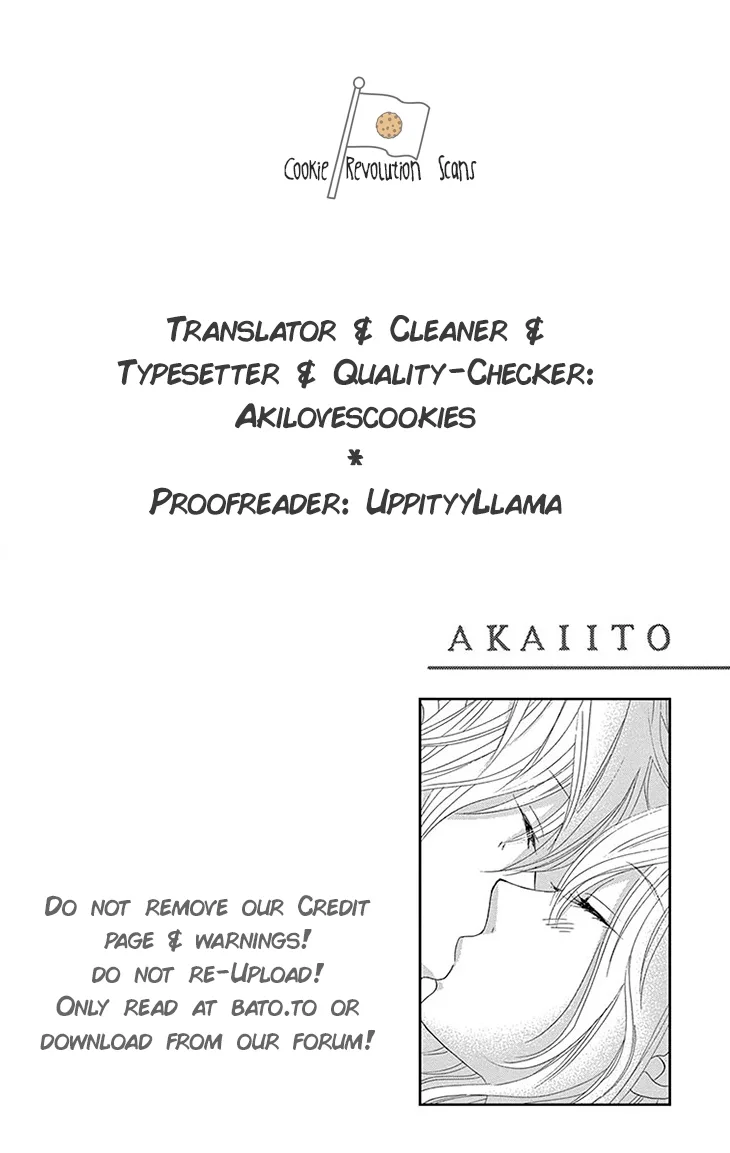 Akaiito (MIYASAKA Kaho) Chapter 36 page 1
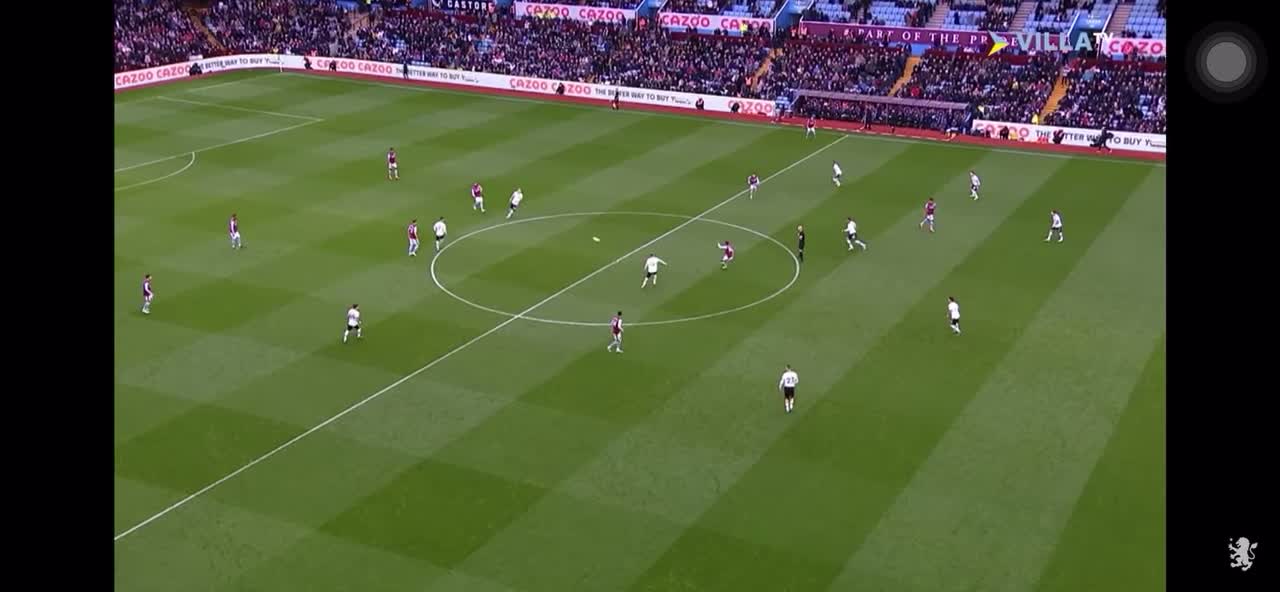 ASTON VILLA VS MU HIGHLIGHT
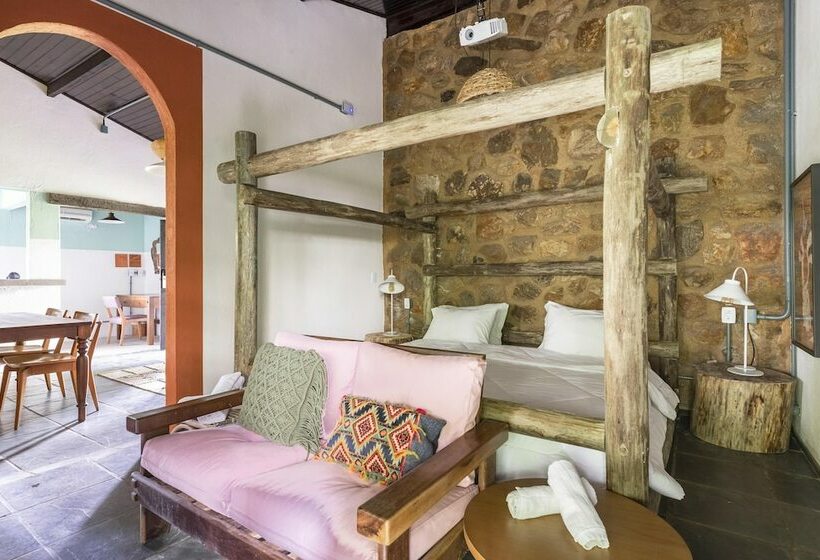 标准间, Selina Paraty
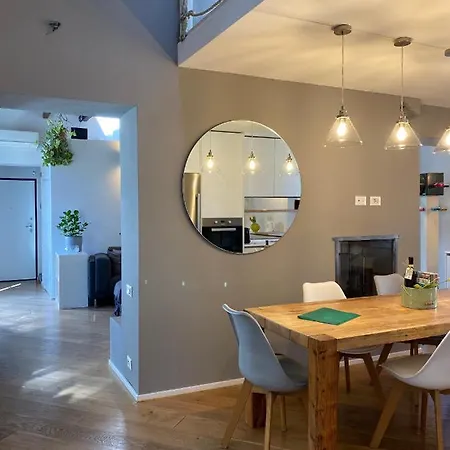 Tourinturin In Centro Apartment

• _WHAT THE TASK REQUIRES_
Would you give the data above again word for word, minus the pictures?

• _EXERCISE RESULT_
 Akaiito (MIYASAKA Kaho) Chapter 36 page 1
 ASTON VILLA VS MU HIGHLIGHT
 标准间, Selina Paraty
 Tourinturin In Centro Apartment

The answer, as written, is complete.